OJK juga memiliki peran dalam mengambil tindakan preventif dalam mengatasi potensi krisis keuangan yang mungkin terjadi di masa depan. OJK melakukan pengawasansecara ketat terhadap lembaga keuangan, melakukan pengujian terhadap kinerja lembaga keuangan, serta melakukan evaluasi terhadap risiko-risiko yang mungkin terjadi di masa depan.
Dalam menjalankan tugas, tentu OJK tidak sendiri, tetapi juga bekerja sama dengan lembaga-lembaga terkait lainnya, seperti Bank Indonesia dan Komisi Pengawas Persaingan Usaha, Lembaga Penjamin Simpanan (LPS), Menteri Keuangan, hingga Presiden.
Maraknya Judi Online
Judi online, yang kini sedang menjadi perhatian publik, hingga negara harus turun tangan. Bahkan presiden memerintahkan jajaran penegak hukum untuk melakukan tindakan tegas. Karena Judi Online tidak hanya menyediakan hiburan, tetapi juga menghadirkan risiko serius bagi kesehatan dan kehidupan seseorang.
Beberaoa resiko yang dilangsir tirto.id, menyebutkan beberapa dampak negatif akibat judi online, yaitu Kesehatan Mental yang Terancam. Karena kecanduan judi online dapat menyebabkan stres berat, kecemasan, bahkan meningkatkan risiko bunuh diri.
Selain itu, dampak emosional yang Mendalam: Terlibat dalam judi online dapat memicu depresi yang dalam dan masalah emosional lainnya. Ada risiko kriminalitas, yaitu beberapa individu terlibat dalam tindakan kriminal untuk memenuhi kebutuhan perjudian mereka, membahayakan diri sendiri dan orang lain.
Kencanduan Judi Online, dapat mengancam data pribadi, karena rentan terhadap penyalahgunaan oleh pihak yang tidak bertanggung jawab, meningkatkan risiko identitas dicuri atau disalahgunakan. Perjudian online sering kali merusak hubungan baik dengan keluarga dan teman, karena terkonsentrasi pada aktivitas judi.

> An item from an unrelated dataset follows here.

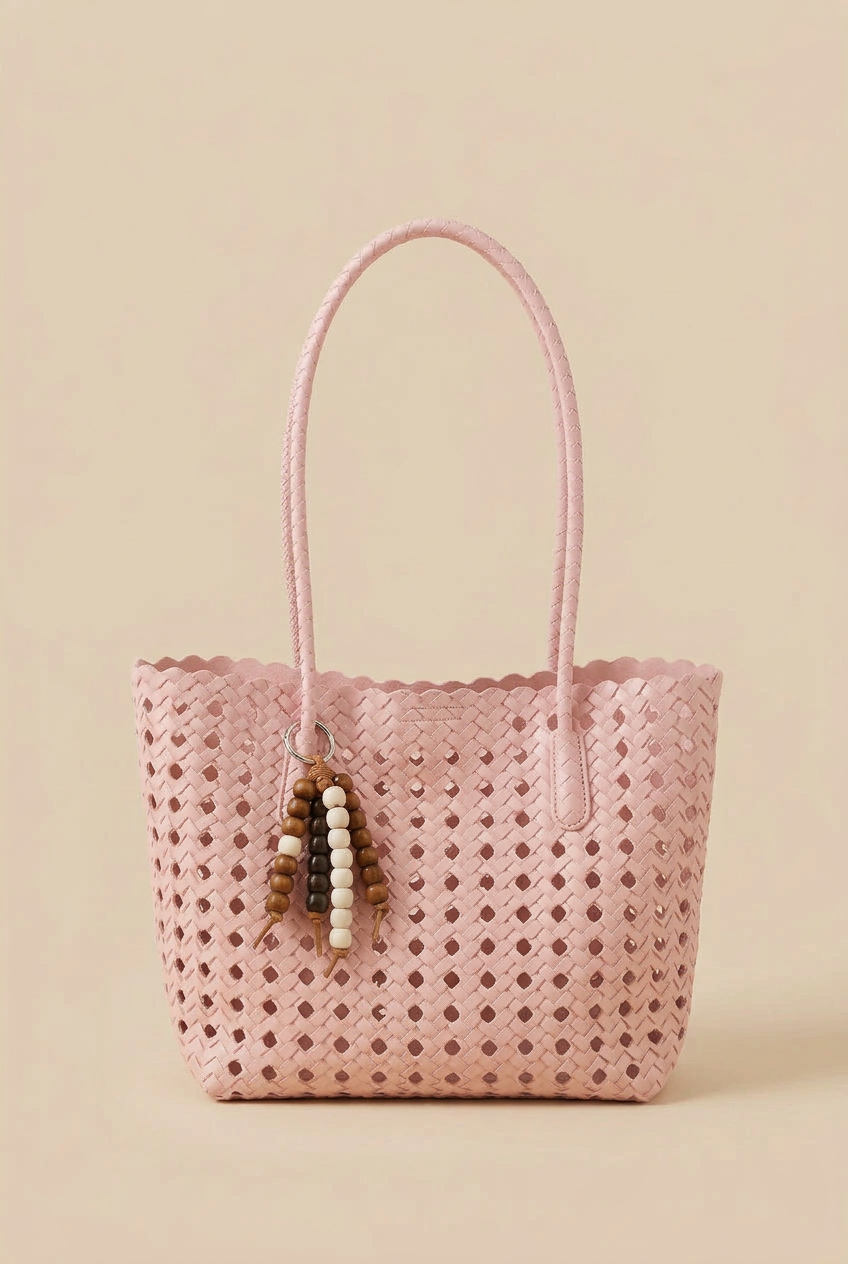 Medium Woven PU Leather Tote Bag with Beaded Charm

Bagi pelajar, kecanduan judi dapat mengganggu fokus dan kinerja di tempat kerja atau sekolah, berdampak negatif pada masa depan pendidikan dan karier. Kemudian ancaman terhadap keberlanjutan Finansial. Karena upaya mendapatkan dana untuk berjudi dapat mendorong individu ke praktik-praktik ilegal atau tidak etis. Kecanduan judi online, juga akan merugian karena bisa mengarah pada kebangkrutan dan ketidakstabilan ekonomi yang serius.

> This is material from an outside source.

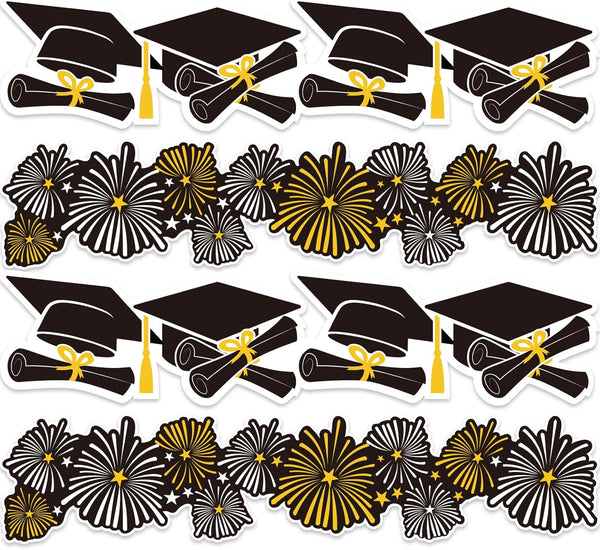 Whaline 69Ft Graduation Bulletin Board Border, Graduation Cap Firework Shape Decoration for Classroom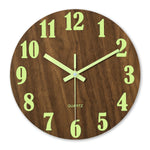 horloge murale bois lumineuse aiguille verte moderne 12 pouces minimaliste sans tic tac chambre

Judi online, menggunakan transaksi digital. Didalamnya ada transaksi yang melibatkan perbankkan. Kapolri Jenderal Listyo Sigit Prabowo mengungkap faktor-faktor yang membuat judi online (judol) terus meningkat. Salah satunya para pelaku melakukan pemasaran menggunakan influencer dan memodifikasi permainan jadi lebih sederhana.
Menurut Kapolri, Modus-modus yang dilakukan oleh kelompok pelaku judi online, mulai dari proses pemasarannya yang kemudian memanfaatkan influencer, backlink situs pemerintah, broadcast, dan promosi di media sosial, dengan model pembayaran menggunakan rekening, dan kini bergeser menggunakan payment gateway, QRIS dan e-wallet, hingga menggunakan crypto.

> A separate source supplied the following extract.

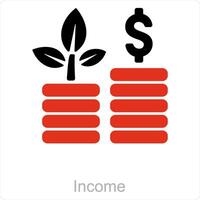 inkomen uitgaven en economie icoon concept vector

Transaksi yang awalnya nominal menengah ke atas saat ini mulai bergeser dari masyarakat menengah ke bawah, yang tadinya Rp100 ribu sampai Rp1 juta, saat ini berkembang dengan angka transaksi Rp10 ribu juga bisa ikut bermain judi online sehingga ini menyebabkan penyebaran dari pelaku atau masyarakat yang kemudian addict terhadap judi online.
Data kepolisian, sejak 2020 hingga saat ini, sudah ada lebih dari 9 ribu orang jadi tersangka judol, dan puluhan ribu situs ditake-down.
Peran OJK
Kepala Eksekutif Pengawas Perbankan OJK Dian Ediana Rae mengatakan bahwa OJK konsisten melakukan berbagai upaya sesuai dengan kewenangan OJK dalam pemberantasan judi online. Upaya OJK yang telah dilakukan antara lain memerintahkan bank untuk memblokir lebih dari 6.000 rekening yang diindikasikan terkait dengan transaksi judi online.
OJK meminta bank melakukan Enhance Due Diligence (EDD) atas nasabah yang terindikasi terkait transaksi judi online dan melaporkan transaksi tersebut sebagai Transaksi Keuangan Mencurigakan kepada PPATK. Kemudian, jika dari hasil EDD terbukti nasabah melakukan pelanggaran berat terkait judi online, perbankan dapat membatasi bahkan menghilangkan akses nasabah tersebut untuk melakukan pembukaan rekening di bank (blacklisting).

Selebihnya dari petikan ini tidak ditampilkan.